AIM OF THE EXERCISE = Print, exactly as they stand, the lines below from the one that has "Umbro Boxy High" to the one that has "Immagine di Hansgrohe", inclusive, leaving out the pictures.

MATERIAL SUPPLIED =
****************

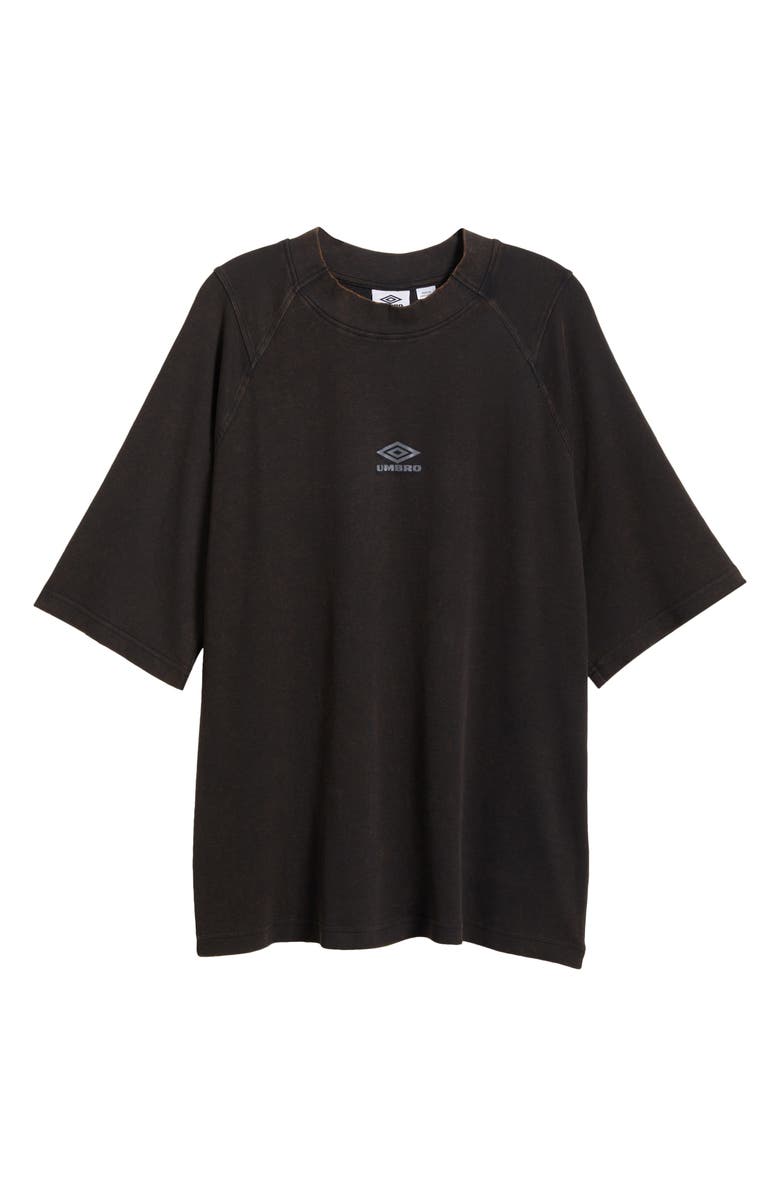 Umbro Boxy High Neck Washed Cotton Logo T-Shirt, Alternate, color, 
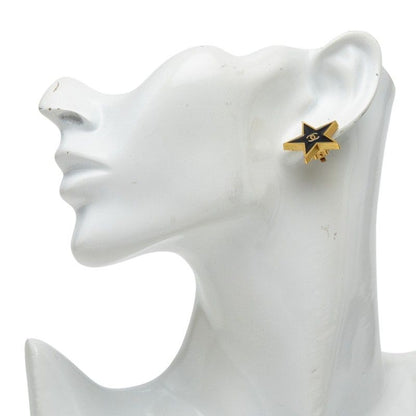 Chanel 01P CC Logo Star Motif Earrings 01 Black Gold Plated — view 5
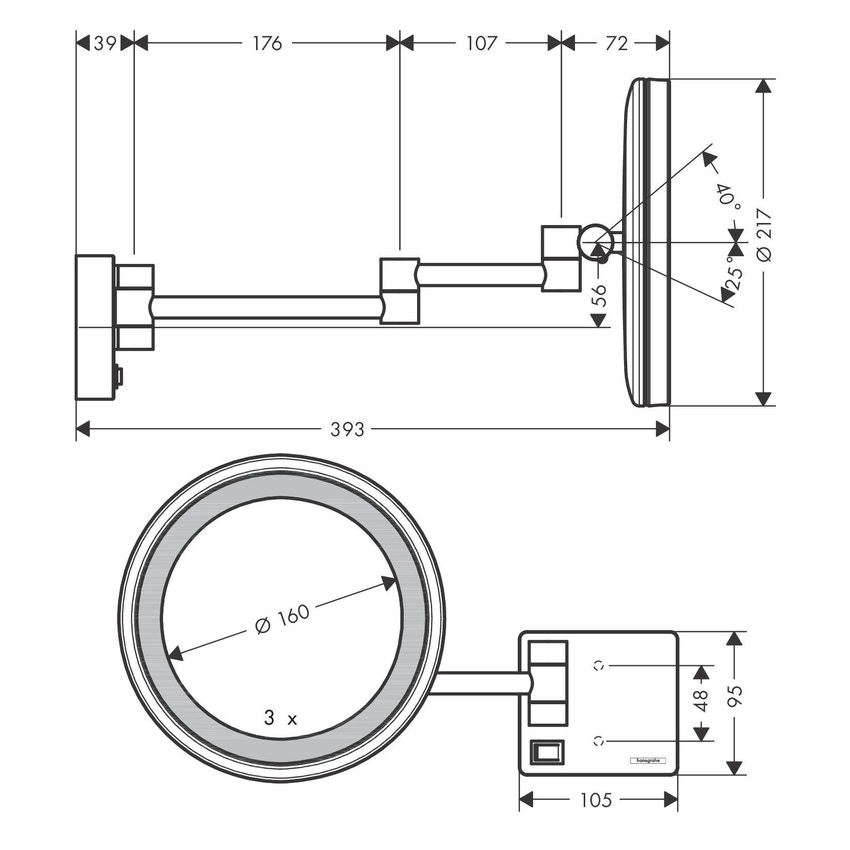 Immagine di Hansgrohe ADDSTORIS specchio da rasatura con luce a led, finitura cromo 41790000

****************

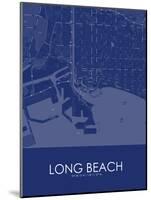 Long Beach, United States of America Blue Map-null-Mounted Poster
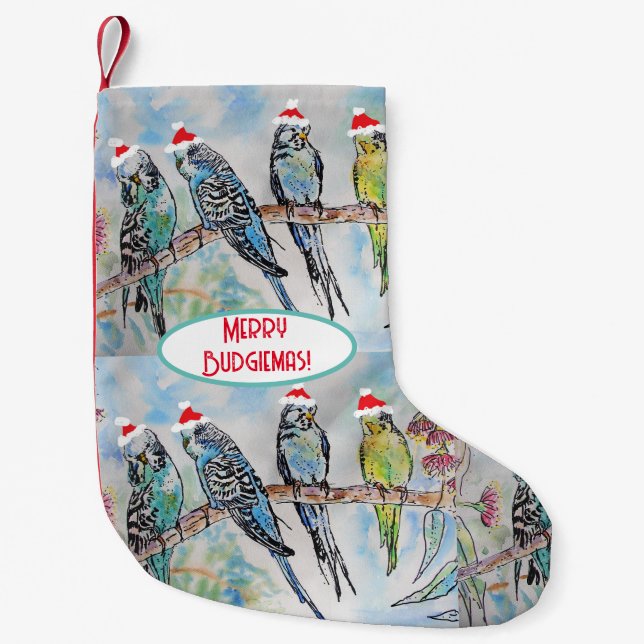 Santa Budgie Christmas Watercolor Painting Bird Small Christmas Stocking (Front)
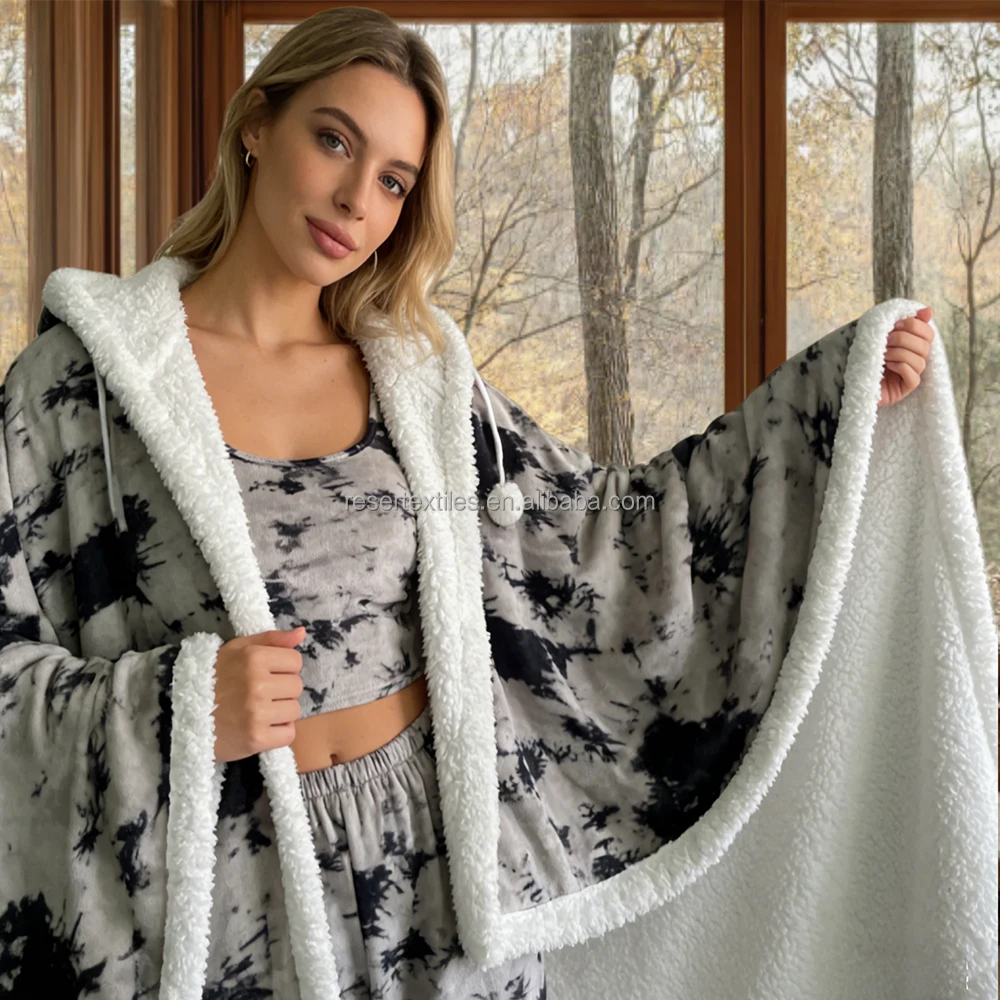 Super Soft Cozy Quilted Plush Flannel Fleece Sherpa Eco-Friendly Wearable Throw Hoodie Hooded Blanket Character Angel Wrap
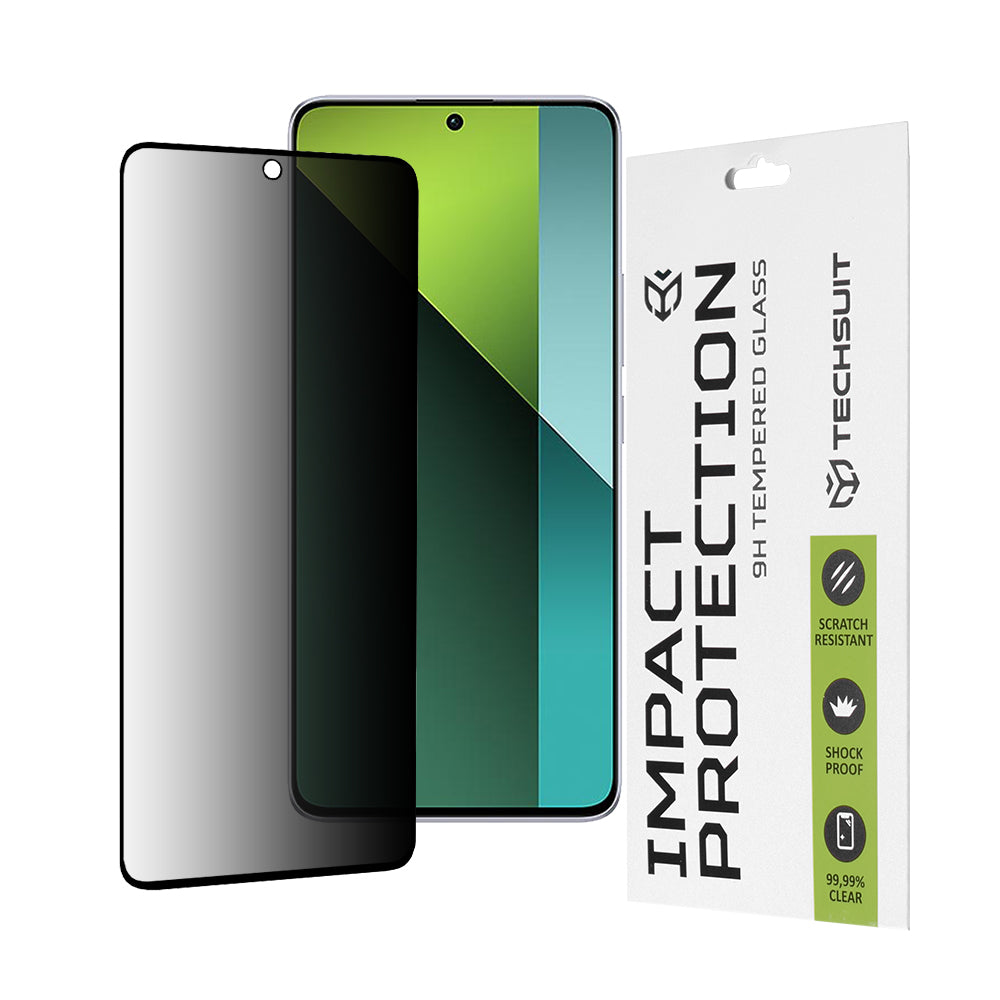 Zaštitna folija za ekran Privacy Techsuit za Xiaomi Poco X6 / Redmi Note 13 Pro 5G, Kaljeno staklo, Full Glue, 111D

****************

RESULT BELOW =
 Umbro Boxy High Neck Washed Cotton Logo T-Shirt, Alternate, color, 
 Chanel 01P CC Logo Star Motif Earrings 01 Black Gold Plated — view 5
 Immagine di Hansgrohe ADDSTORIS specchio da rasatura con luce a led, finitura cromo 41790000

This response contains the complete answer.